[SUPPLIED DATA]
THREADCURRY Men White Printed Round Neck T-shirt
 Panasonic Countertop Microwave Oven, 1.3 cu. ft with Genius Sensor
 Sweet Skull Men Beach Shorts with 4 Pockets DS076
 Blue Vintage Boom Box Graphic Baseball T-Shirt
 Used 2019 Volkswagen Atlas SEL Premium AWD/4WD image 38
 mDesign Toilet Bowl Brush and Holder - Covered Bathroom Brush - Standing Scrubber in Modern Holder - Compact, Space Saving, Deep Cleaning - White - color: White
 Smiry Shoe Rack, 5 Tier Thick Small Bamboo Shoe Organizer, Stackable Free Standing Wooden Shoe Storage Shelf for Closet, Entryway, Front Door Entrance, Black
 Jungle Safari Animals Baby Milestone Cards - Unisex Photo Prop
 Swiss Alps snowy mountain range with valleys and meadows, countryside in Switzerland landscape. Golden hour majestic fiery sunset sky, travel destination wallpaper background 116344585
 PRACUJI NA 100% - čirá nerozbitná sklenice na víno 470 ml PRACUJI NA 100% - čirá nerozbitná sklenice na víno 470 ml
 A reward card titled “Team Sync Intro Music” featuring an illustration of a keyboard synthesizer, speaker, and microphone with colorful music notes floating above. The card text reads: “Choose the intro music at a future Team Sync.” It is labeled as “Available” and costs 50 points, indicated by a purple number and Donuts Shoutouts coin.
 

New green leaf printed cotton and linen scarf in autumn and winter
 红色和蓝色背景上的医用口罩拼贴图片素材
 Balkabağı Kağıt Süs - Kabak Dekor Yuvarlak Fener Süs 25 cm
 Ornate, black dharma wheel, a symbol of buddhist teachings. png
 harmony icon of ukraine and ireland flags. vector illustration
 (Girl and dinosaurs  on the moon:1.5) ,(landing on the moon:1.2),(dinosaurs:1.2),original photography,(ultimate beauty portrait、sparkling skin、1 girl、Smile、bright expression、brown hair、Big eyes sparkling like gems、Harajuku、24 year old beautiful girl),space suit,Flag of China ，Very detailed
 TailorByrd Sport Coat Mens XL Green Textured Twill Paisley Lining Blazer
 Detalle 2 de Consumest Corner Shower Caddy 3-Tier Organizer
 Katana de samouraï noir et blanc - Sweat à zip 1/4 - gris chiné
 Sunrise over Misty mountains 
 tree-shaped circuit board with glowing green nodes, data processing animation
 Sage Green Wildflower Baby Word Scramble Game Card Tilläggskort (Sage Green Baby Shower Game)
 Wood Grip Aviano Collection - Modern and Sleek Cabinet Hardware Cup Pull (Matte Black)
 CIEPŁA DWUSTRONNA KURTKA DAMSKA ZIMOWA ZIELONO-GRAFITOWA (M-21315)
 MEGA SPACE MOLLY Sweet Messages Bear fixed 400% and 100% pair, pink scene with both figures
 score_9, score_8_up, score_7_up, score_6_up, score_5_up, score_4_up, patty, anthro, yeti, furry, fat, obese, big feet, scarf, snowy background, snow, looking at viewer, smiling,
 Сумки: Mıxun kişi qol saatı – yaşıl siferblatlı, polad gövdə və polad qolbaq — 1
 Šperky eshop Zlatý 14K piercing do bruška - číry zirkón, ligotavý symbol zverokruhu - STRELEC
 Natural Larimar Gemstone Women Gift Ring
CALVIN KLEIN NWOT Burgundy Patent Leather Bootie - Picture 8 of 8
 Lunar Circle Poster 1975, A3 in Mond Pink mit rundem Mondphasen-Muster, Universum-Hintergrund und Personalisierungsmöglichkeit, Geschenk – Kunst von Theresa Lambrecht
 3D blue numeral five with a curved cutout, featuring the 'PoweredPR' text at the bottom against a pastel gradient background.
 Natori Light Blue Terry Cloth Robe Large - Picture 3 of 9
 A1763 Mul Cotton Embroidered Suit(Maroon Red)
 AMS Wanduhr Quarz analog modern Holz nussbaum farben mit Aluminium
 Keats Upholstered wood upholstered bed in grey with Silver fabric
[/SUPPLIED DATA]
### [EXERCISE DIRECTIONS]
Everything from the first line of the records above to the line containing "Used 2019 Volkswagen", inclusive, should be repeated exactly; leave out the rest.

### [OUTPUT BELOW]
THREADCURRY Men White Printed Round Neck T-shirt
 Panasonic Countertop Microwave Oven, 1.3 cu. ft with Genius Sensor
 Sweet Skull Men Beach Shorts with 4 Pockets DS076
 Blue Vintage Boom Box Graphic Baseball T-Shirt
 Used 2019 Volkswagen Atlas SEL Premium AWD/4WD image 38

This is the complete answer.